Expert Workshop on Supply-Oriented Harm Reduction
The Washington Office on Latin America (WOLA) and the Transnational Institute (TNI) invited a group of 20 experts for a round-table discussion at the WOLA office in Washington DC . The main question on the table: can the concept of “harm reduction” be applied to supply-oriented challenges to better address the harms associated with illicit drug production and distribution, but also minimize the harms that stem from drug control itself?
Interventions and policies aiming to reduce the health, social and economic harms of drug use have become prominent in many countries in recent years. By comparison, consideration of how a harm reduction approach might be applied to the supply-side of the drugs market is relatively new and still very much a pioneering exercise. While the idea has been explored past years for drug-linked cultivation as well as for law enforcement strategies directed at street-level dealing, this workshop was the first attempt to bring a critical group of people from academia, think-tanks and NGOs together for an in-depth exploration of the potential of its application across the drugs chain.
Starting point was the now widely accepted reality that supply reduction efforts have not been able to impact on the overall size of the market, merely shifting production and supply routes from one place to another, oftentimes aggravating related harms in the process. A sensible shift of policy goals therefore would be to prioritise interventions that reduce the harms associated with the existence of drug markets while avoiding those harms stemming from traditional supply reduction efforts themselves. Examples were discussed where levels of violence have been successfully reduced even while the amount of drugs distributed was not affected, like the North-Carolina High Point and the Boston Ceasefire strategies in the U.S. and the recent UPP pacification of favelas in Rio de Janeiro.

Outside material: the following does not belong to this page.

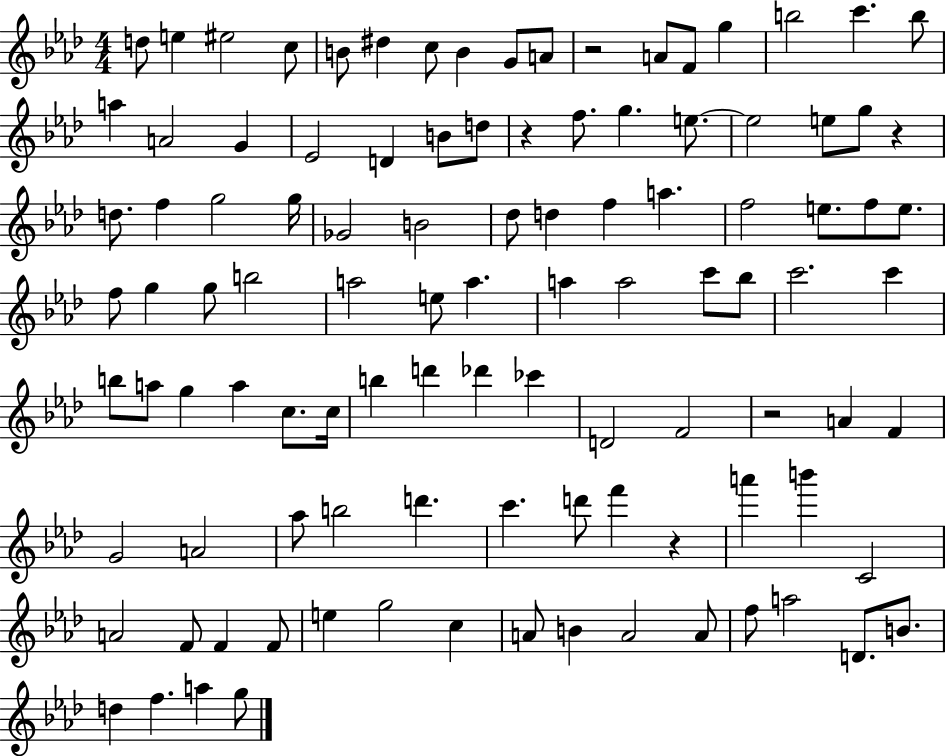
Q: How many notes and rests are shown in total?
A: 105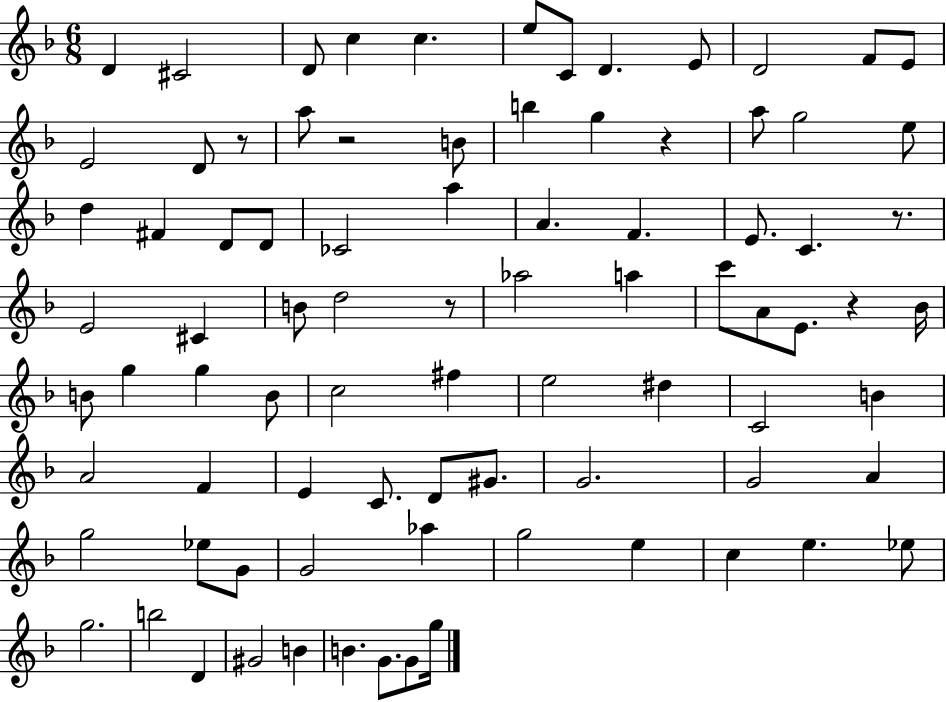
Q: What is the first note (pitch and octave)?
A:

At cultivation level a connection was made with certain advances in the Alternative Development/Livelihoods debate, the ‘cato’ scheme in Bolivia allowing coca cultivation of a small plot per family for subsistence, and the now-defunct decree in Laos allowing elderly opium users to cultivate for personal use. The urgent challenge of designing a violence-reduction strategy for Mexico using harm reduction approaches was discussed as well, considering the disruptive consequences of targeting high-level traffickers.
The general conclusion of the workshop was that it has good potential for policy guidance to introduce harm reduction principles into supply-oriented strategies. Intelligently “managing” the market and steering it into a less violent and less harmful direction (including regarding the substances that are predominant on the market) seem to hold more promise for a better cost-benefit outcome of invested resources then simply continuing with the current supply reduction paradigm. A public briefing was held the next day on Capitol Hill to present and discuss these initial conclusions. Among the next steps in the process will be the release of a report of the meeting and a discussion paper on harm reduction for supply, and follow-up discussions in the context of the Latin American conference in Mexico in September and the Alternative Development workshops in Thailand end this year.